# Reverse Trolley Kit by Dallee Electronics



## T-Man (May 16, 2008)

I got lucky and have a chance to assemble a commercial trolley unit. The owner got it at the Big E show and passed it on after seeing te directions. 

My unit only has end to end and is cheep to build. This unit has mutiple stops, momentum breaking, enough capacity to handle G scale too. SO here is a peek on how I mounted it. I had to vary from the directions since their supplied cable was too short. I moved the momentum board to the right.


Here is a link to the company Dallee ELectronics. You have to give them credit.:thumbsup: I am on the verge of testing this out, more to come.

Here is the kit 610 instructions.


----------



## gunrunnerjohn (Nov 10, 2010)

Cool, waiting for the video.


----------



## tjcruiser (Jan 10, 2010)

Yeah, but where's the toaster guts, T?!?



Looks like a fun build. Keep us posted on the action.

TJ


----------



## T-Man (May 16, 2008)

One toaster gut blew a transistor or capacitor. I just haven't got back to it. 

This is new stuff and I hope it won't end up like the toaster.

I got a fresh supply of batteries so I will work on the requests.:thumbsup:


----------



## broox (Apr 13, 2012)

interdasting.

Good for HO aswell I'm guessing.

I got an idea for this kinda thing on my lauout... it might just work.

one request for testing, how well will it work with a grade on the track?


----------



## T-Man (May 16, 2008)

This is a multiple configuration. The momentum braking may work against you with an incline. There are other options for back and forth. Simpler ones. You just have to visit the site. I suppose it could brake for the incline too.

This is set 610.

Here is the instruction for the momentum board. It may be possible to use for an incline. Add time for up and less time for down. It is not for constant use.

Today I rrechecked my connections and color coded the wires that go to the track. Orange left stop. brown right stop. green center bottom rail. blue center rail, red top left and right slow down areas.


----------



## T-Man (May 16, 2008)

The next step is getting my track section running. I have the diodes installed for HO operation. This unit has enough capacity for G Scale too. The directions recommend a light or resistor at the ends. This supplies a signal to the track boards that the block is occupied. Watch for the light.








When installing the diodes each one must face the same direction on the same rail. Mine both have the band on the right. This determines which side is orange or the brown connection


----------



## T-Man (May 16, 2008)

Frustrated, I have been looking at directions. Today, I left it on with the engine in the middle and walked away. When I came back the engine derailed at the end. I reversed the end wires, orange and brown. Left the engine in the center and walked away. When I returned the engine was continuously going back and forth. Great, I have Life!!!!!!!!!! The timer must be on zero since the engine is always moving and the reverse sensor works to switch track polarity. The light bulbs work with the boards. I want to film this and then fihgure out my next step. So I have progress.:thumbsup:


----------



## Carl (Feb 19, 2012)

Do you obtain these items from garage sales, second-hand stores, etc, or from train shows and ebay? How do you know the correct price to pay on the older items?


----------



## T-Man (May 16, 2008)

This was bought at a train show by someone else. I am just trying to get it to work. The web site shows all the products and prices. I prefer to build simple ones using a schematic. Buying parts in bulk I can make them cheep enough and maybe sell a few. You nedd to learn about this stuff if you want to buy one and that is why I do this. Just to show you what it does. This version is top notch and uses four boarss . There are simpler versions too. Just check the link for Dallee above. Train shows are a great place to ask questions.
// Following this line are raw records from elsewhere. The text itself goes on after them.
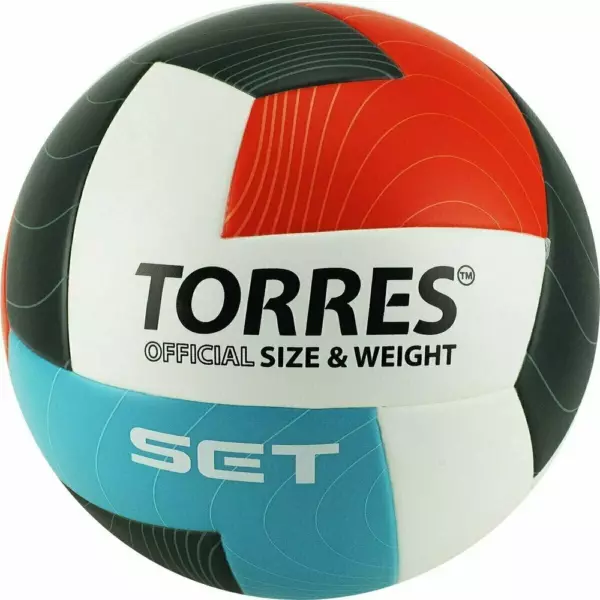 Мяч волейбольный TORRES Set размер 5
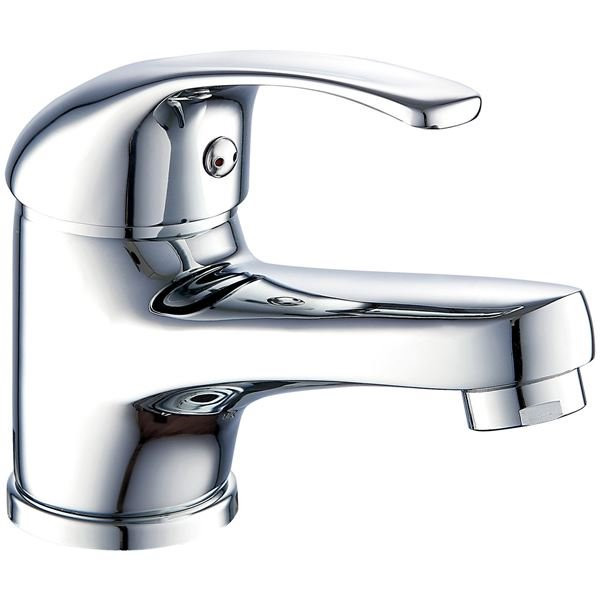 EUROSANIT - Mitigeur lavabo Pola chrôme sous carton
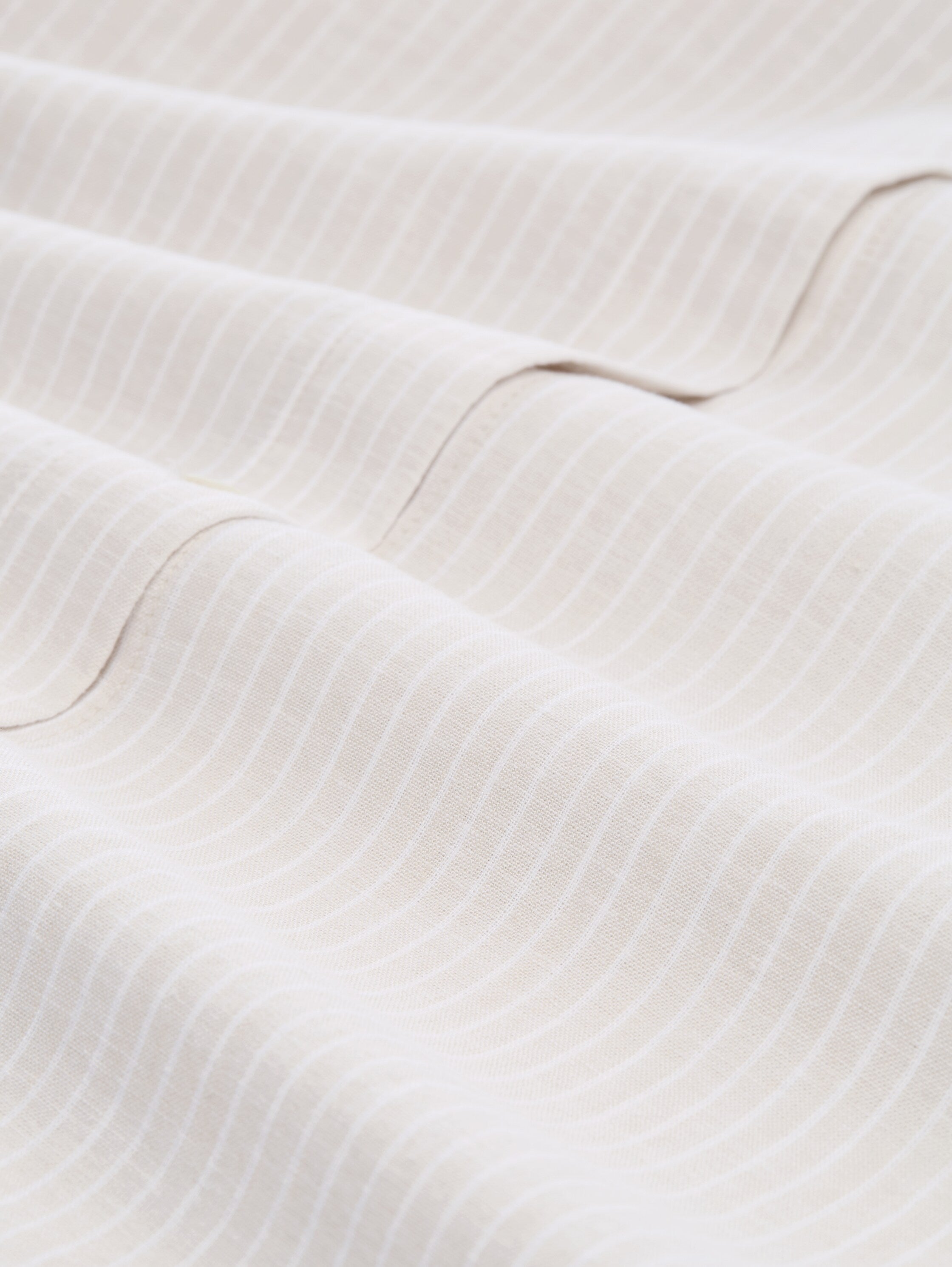 Camicia misto lino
Generally I do not spend a lot. I know prices before I buy. I reseach items I am interested and wait until I find one,with an acceptable price. Retail stores have the highest prices. Antique dealers can be high and generally are. I just have been lucky on a few items. Craigslist is probably on the higher end too. These are mostly resalers, some are dealers. I have many in my area, one every 20 miles or so some sell from their homes.

Price is like an opinion, every has one, it's just not the same.


----------



## T-Man (May 16, 2008)

*Update*

The settings can be very frustrating. I lost count of how many times the engines flew off the track. I took a break and called the owner. He is interested in displaying a G Scale set up. It has to be portable. He mentioned You tube but I have not searched there yet.

I did change my test track to a 16 foot O gage. I got the end blocks wired to the correct sides. Orange and Brown. I need to adjust the momentum brake. My track has no positive stop but if I hold the engine at the end the momentum board works and shuts the motor off and readies for the return trip. At least it works back and forth now when I do this. I will have to rig a complete stop using diodes and a light at the ends.
The engine is my trolley DC steamer, well bruised over time and a perfect test engine. The brake takes just a few seconds o work so I hold the engine still for a short time. A longer track section would help but the positive stop will definately work.
My track is two sections on each end a brake/ startup section of four tracks and an eight track run. I may have to rethink these section lengths.



I added a terminal board for ease of installation. Plus I color coded the terminals.


----------



## eljefe (Jun 11, 2011)

This sounded pretty cool at first but seems awfully complicated (and unreliable).


----------



## T-Man (May 16, 2008)

I started into this cold. I have made my own reverse board and understand the end stops with diodes. I use the same method. Then they use a light to bypass the diode and signal the board the train is there. The light does not support moving the train, so that works. The momentum board is the culprit. Just getting to work on a length of track. No distance was ever suggested by the company directions are weak for this board. After all I am trying to use three boards at once. I would of preferred to matter the timer a the set/reset first , but this is for a customer. Anything that is read here will obviously help someone else.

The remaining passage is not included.